***** Information given
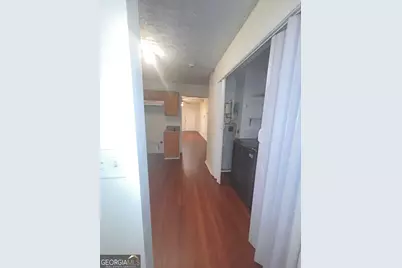 19 Moury Avenue SE, Atlanta, GA 30315 - Photo 15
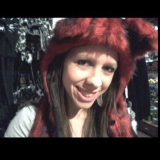 Kenzie from Cedar Rapids | Woman | 30 years old | Aries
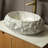 Luna 18'' Bathroom Sink-124005776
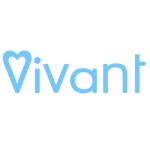 LOGOTIPO-VIVANT.png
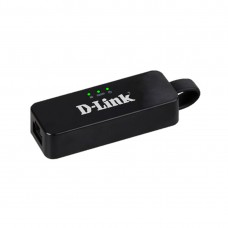 D-Link dub-1312/B2A адаптері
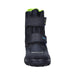 superfit Allwetterstiefel Warmfutter mit Funktionsmembran (wasserabweisend/wasserdicht) HUSKY2 - SchuhEggers.de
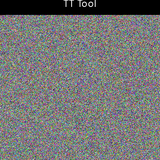 upload temp 11005.png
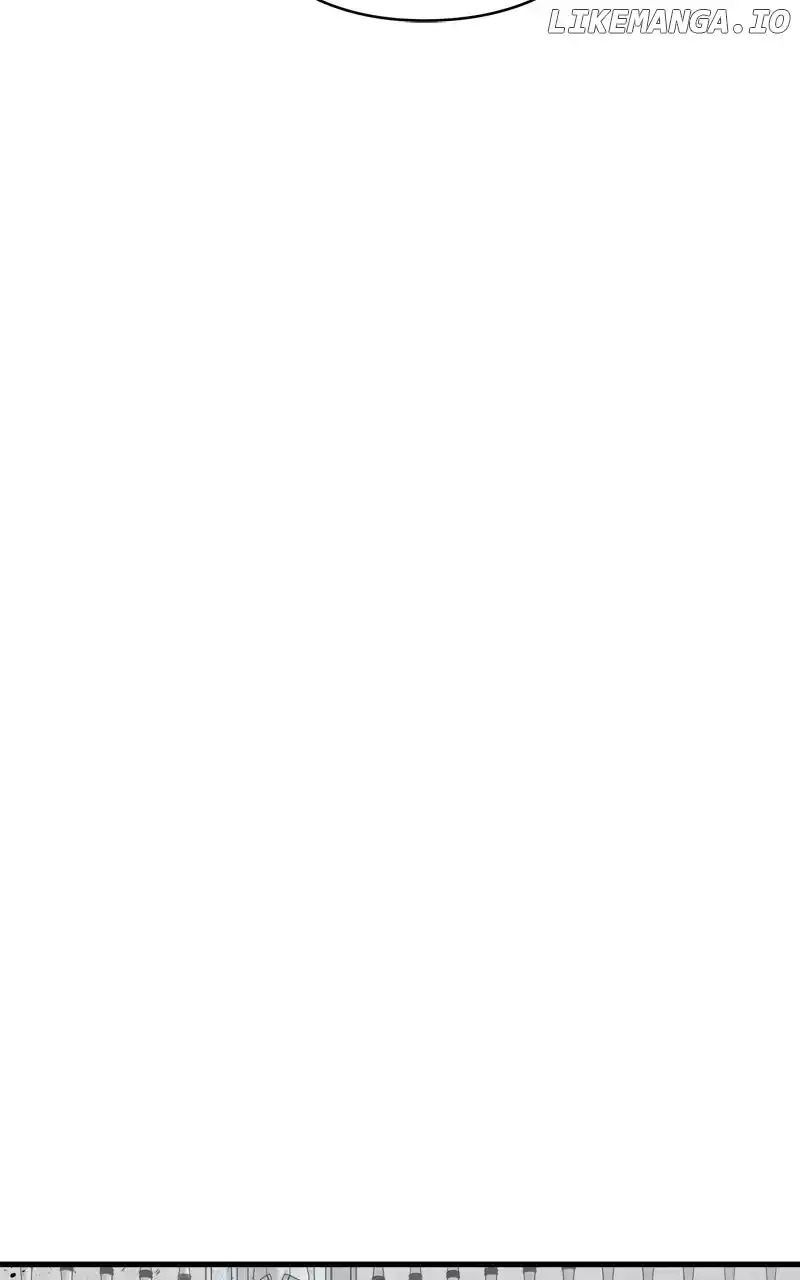 Eyes (Jung Summer) Chapter 129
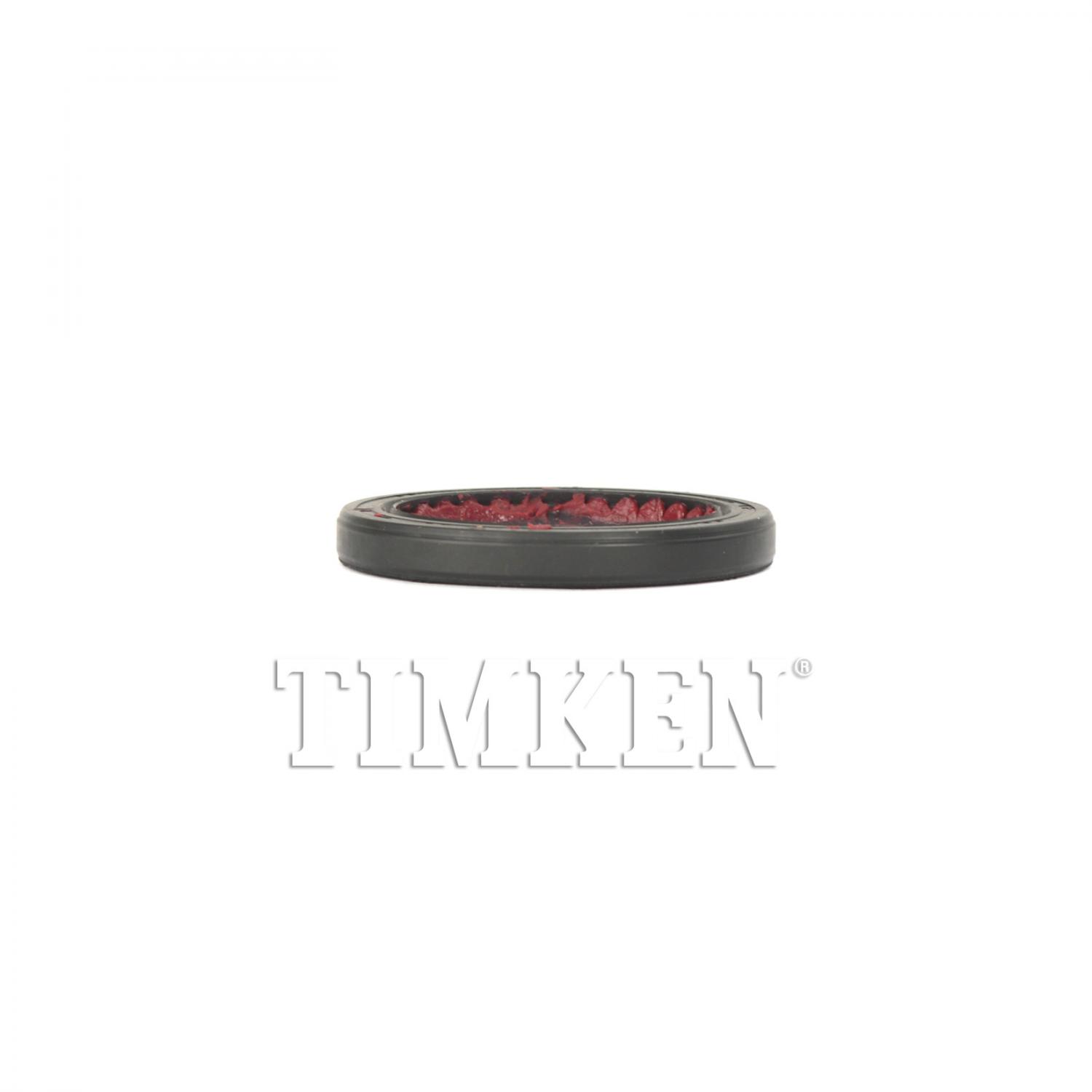 Timken SL260130 - Manual Trans Output Shaft Seal Timken SL260130 Manual Trans Extension Housing Seal product image 3 of 4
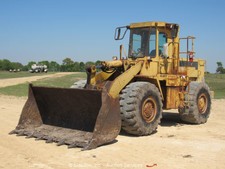 caterpillar bucket for sale caterpillar bucket for sale Burton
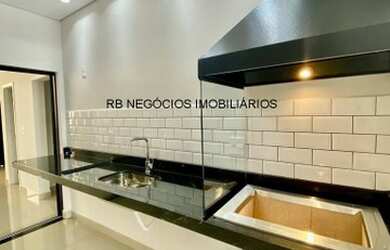 Imagem 9: Vendo Linda Casa Condomínio Toscana Indaiatuba São Paulo, Localização...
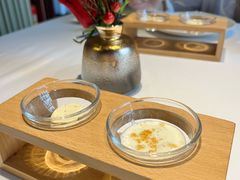 -王品牛排(珠海富华里店)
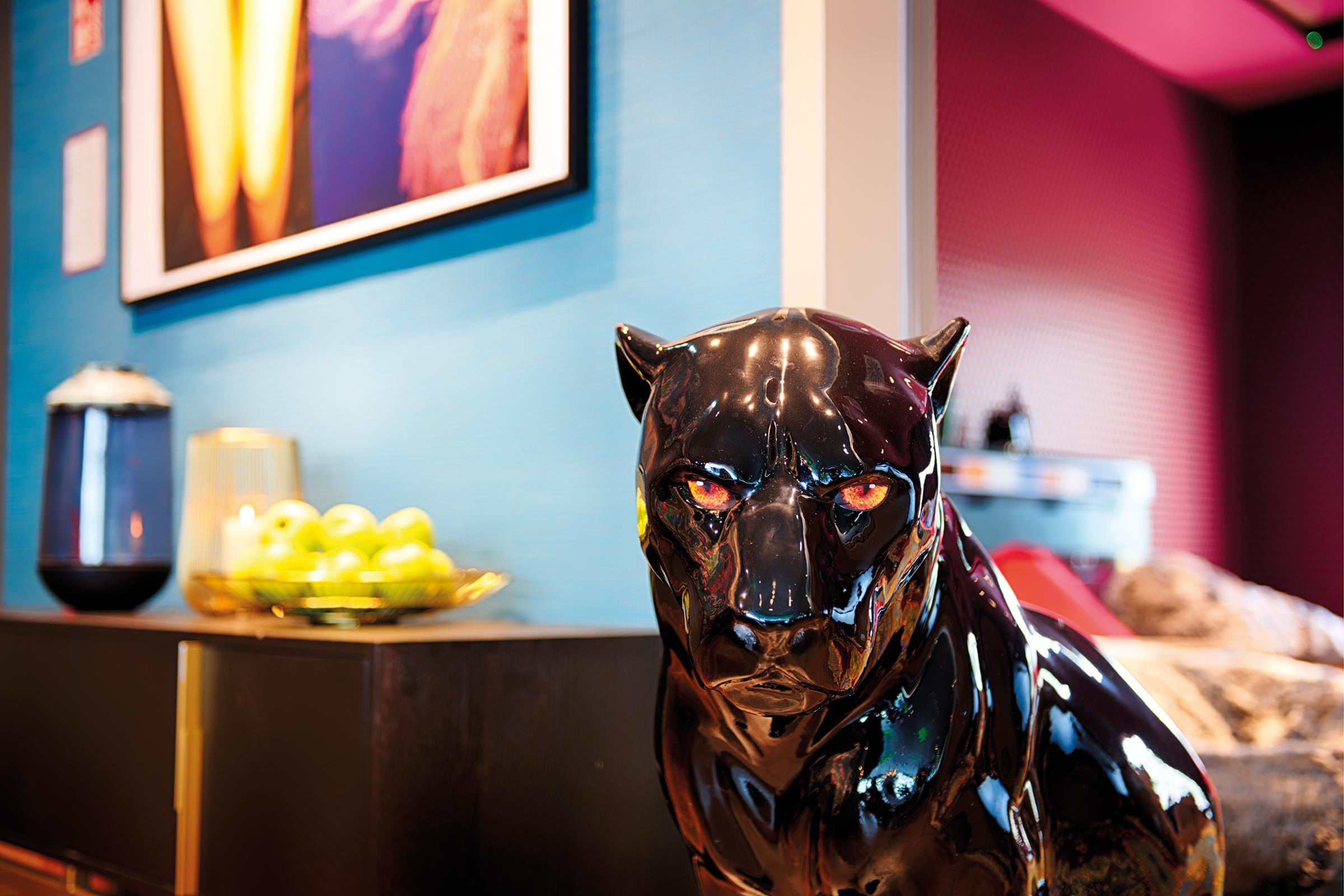 Nyx By Leonardo Hotel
**********
**What is needed:** Without the pictures, repeat every record above exactly as written.

**Completed exercise:**
 19 Moury Avenue SE, Atlanta, GA 30315 - Photo 15
 Kenzie from Cedar Rapids | Woman | 30 years old | Aries
 Luna 18'' Bathroom Sink-124005776
 LOGOTIPO-VIVANT.png
 D-Link dub-1312/B2A адаптері
 superfit Allwetterstiefel Warmfutter mit Funktionsmembran (wasserabweisend/wasserdicht) HUSKY2 - SchuhEggers.de
 upload temp 11005.png
 Eyes (Jung Summer) Chapter 129
 Timken SL260130 - Manual Trans Output Shaft Seal Timken SL260130 Manual Trans Extension Housing Seal product image 3 of 4
 caterpillar bucket for sale caterpillar bucket for sale Burton
 Imagem 9: Vendo Linda Casa Condomínio Toscana Indaiatuba São Paulo, Localização...
 -王品牛排(珠海富华里店)
 Nyx By Leonardo Hotel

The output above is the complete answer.